**Goal of the exercise:**
Only the lines from the one holding "Tax Policy: Taxation" to the end of the data should be echoed, exactly as they appear, minus the pictures.

+++ Supplied data +++

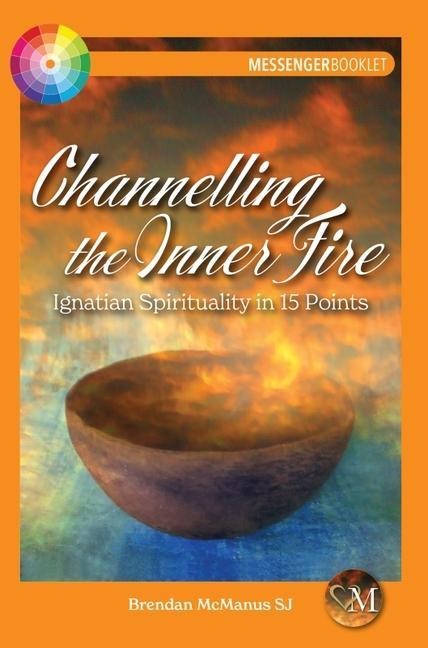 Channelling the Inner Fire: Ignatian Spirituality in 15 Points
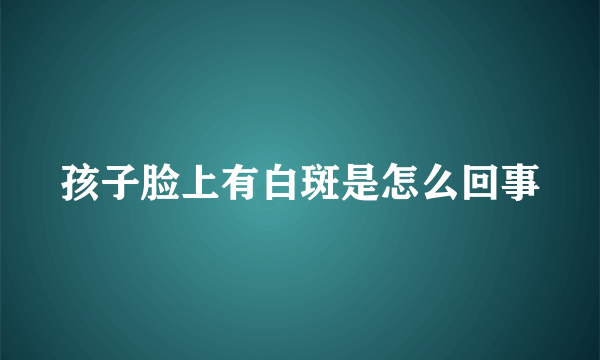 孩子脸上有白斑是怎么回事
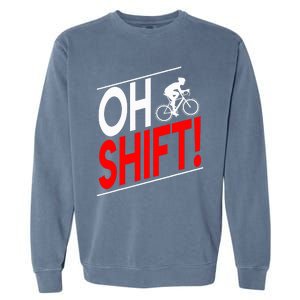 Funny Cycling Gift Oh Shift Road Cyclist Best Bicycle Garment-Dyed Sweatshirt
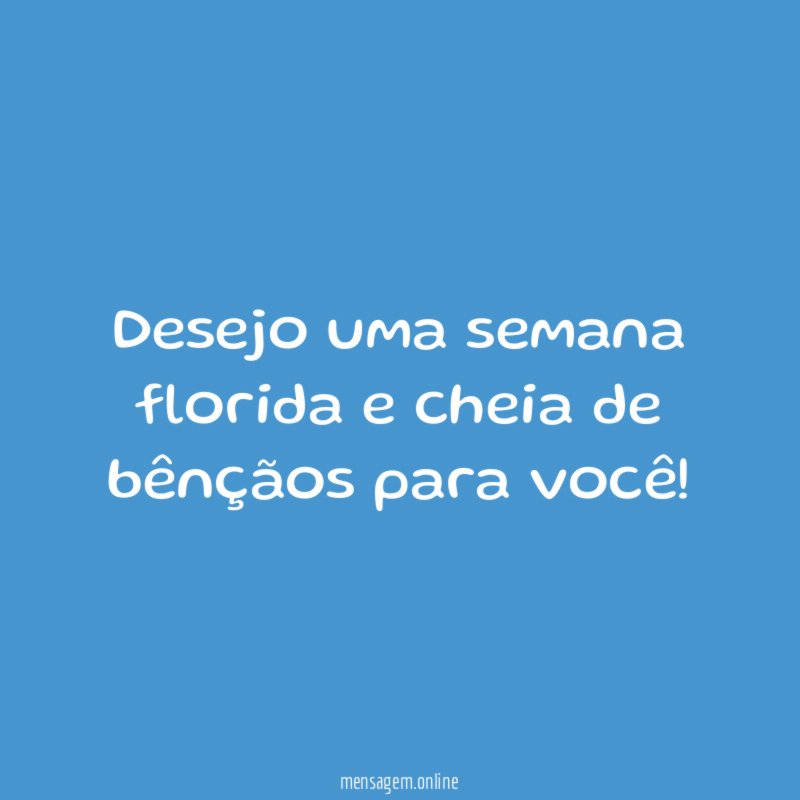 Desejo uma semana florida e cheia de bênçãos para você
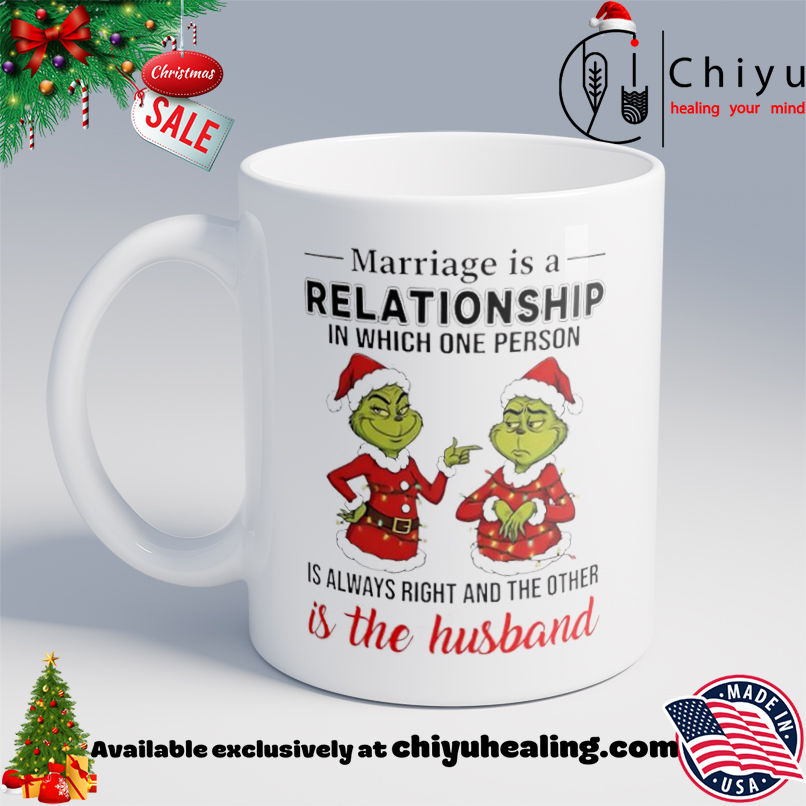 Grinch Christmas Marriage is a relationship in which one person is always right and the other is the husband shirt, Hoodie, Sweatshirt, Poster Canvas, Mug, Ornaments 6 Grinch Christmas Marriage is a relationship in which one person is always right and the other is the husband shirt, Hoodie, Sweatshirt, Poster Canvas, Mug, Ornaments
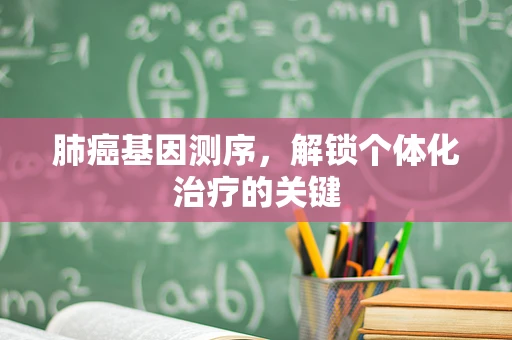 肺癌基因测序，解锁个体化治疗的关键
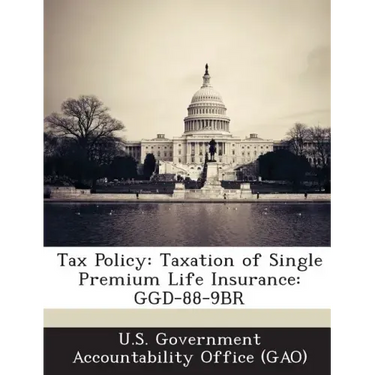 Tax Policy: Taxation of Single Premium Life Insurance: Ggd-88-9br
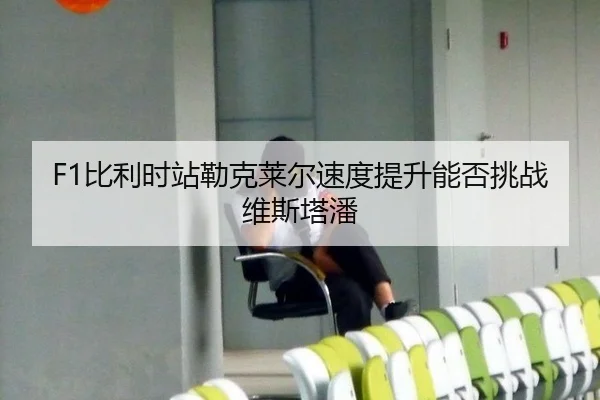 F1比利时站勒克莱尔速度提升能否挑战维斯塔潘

+++

**Output for this task:**
 Tax Policy: Taxation of Single Premium Life Insurance: Ggd-88-9br
 F1比利时站勒克莱尔速度提升能否挑战维斯塔潘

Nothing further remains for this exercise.